Hacker News new | past | comments | ask | show | jobs | submit login
F() vs. F(void) in C vs. C++ (nickdesaulniers.github.io)
194 points by headalgorithm on May 12, 2019 | hide | past | favorite | 67 comments



Prefer T foo(void) in C because that's the declaration that actually introduces, into the scope, information about the parameter list.

T foo() is a deprecated old style from before ANSI C 1989 which declares foo in a way that is mum about how many arguments there are and what their types are.

(void) is actually an ANSI C invention. C++ adopted this for better C compatibility. (Yes, C++ did that once upon a time!) Then some C++ coders started doing silly things like myclass::myclass(void): something that would never be processed with a C compiler.
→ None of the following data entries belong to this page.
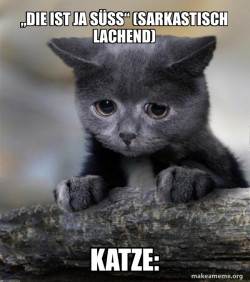 Confession Cat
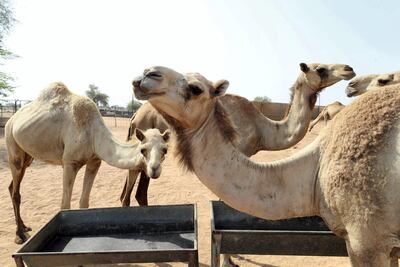 As part of Ras Al Khaimah's move towards a circular economy, centred on making the most out of natural resources, the emirate's 9,000-strong clan of camels are coming in handy. Pawan Singh/The National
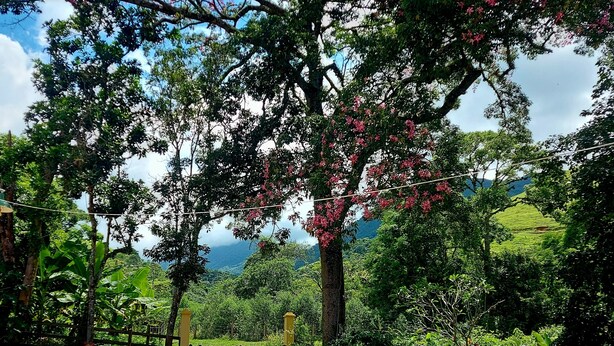 A dirt path leading to a yellow gate, surrounded by lush greenery and flowering trees. - Pousada Sítio Monte Sinai (São José do Barreiro)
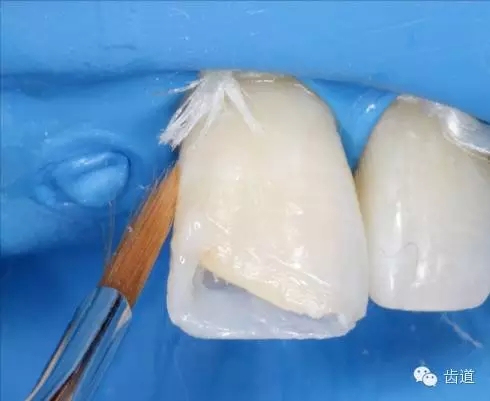 26.webp.jpg 26.webp.jpg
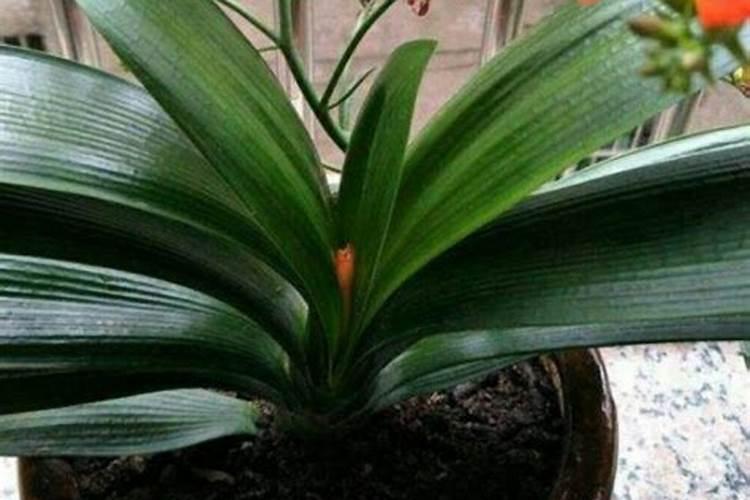 青岛明月蓝海生物科技有限公司明月海藻肥简介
(void) is ugly; it would be a productive change in C to do away with K&R declarations and make () equivalent to (void) like C++ did some three decades ago.
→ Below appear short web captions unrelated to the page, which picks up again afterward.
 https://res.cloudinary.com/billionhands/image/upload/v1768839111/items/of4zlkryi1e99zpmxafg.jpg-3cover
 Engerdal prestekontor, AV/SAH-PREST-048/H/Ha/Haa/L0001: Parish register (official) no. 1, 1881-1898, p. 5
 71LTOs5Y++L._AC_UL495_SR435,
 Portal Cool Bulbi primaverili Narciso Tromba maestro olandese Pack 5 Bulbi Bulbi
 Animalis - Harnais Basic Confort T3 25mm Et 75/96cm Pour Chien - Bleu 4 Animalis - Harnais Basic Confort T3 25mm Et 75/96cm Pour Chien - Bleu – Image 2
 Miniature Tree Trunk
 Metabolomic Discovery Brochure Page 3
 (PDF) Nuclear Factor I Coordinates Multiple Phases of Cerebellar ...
> it would be a productive change in C to do away with K&R declarations and make () equivalent to (void) like C++ did some three decades ago.
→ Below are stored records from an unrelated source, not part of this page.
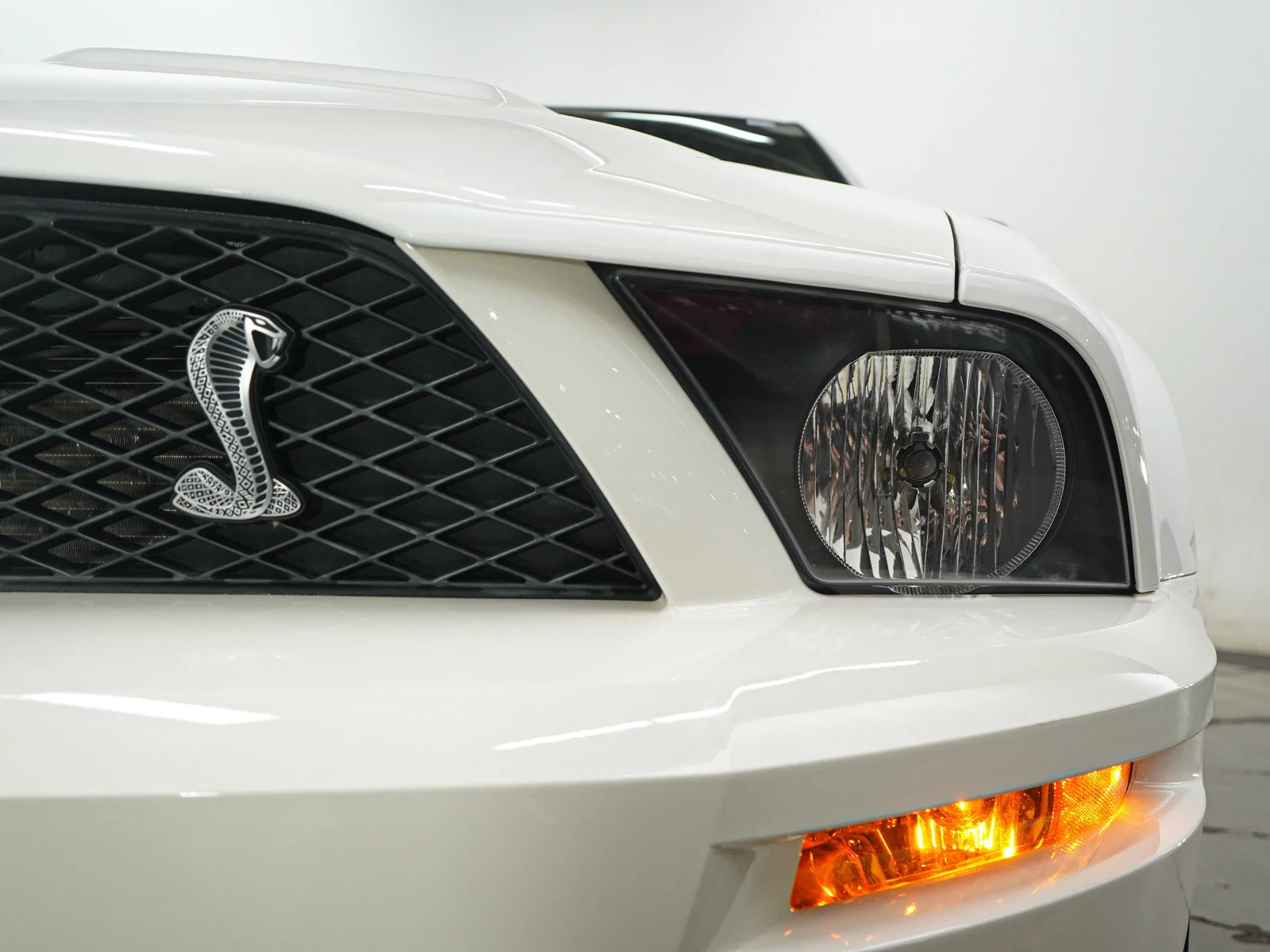 Used 2009  Ford Shelby GT500 image 11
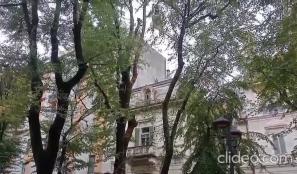 Viale Garibaldi: in corso l'abbattimento dei primi due alberi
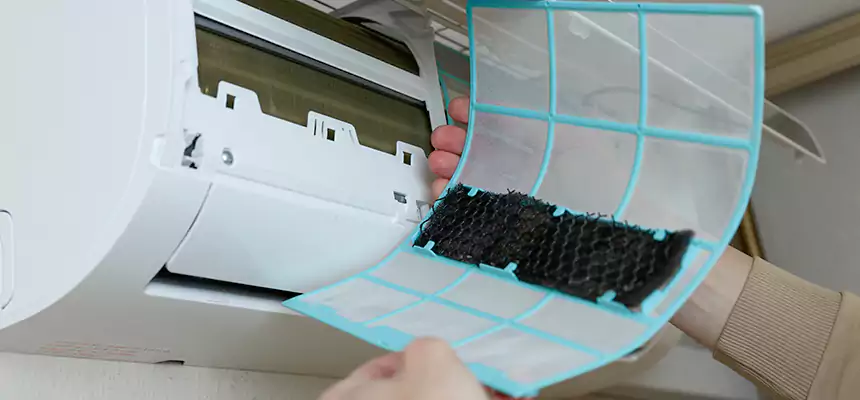 Gentle Ductwork Odor-Control Pet Dander Duct Cleaning in West Pensacola, FL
But this would mean you no longer have a nice way of specifying a function that takes parameters that you can't list :(


How often do you need to do that? I feel like I never have, and I think feel like it's a rare enough use as that it shouldn't be the default behavior, but maybe I haven't written enough C.


I have actually run across code in the wild along the lines of:

  int foo()
    int x;
    int y;
  { return x + y; }
Perfectly legal C, if not an old archaic and seldom used syntax. I saw it in some proprietary code, so, no, I cannot provide a link. It was odd, but worked for what it was trying to do.

It pays to know the language you work in, not to write things like this, but to understand on the off chance you encounter it in the wild.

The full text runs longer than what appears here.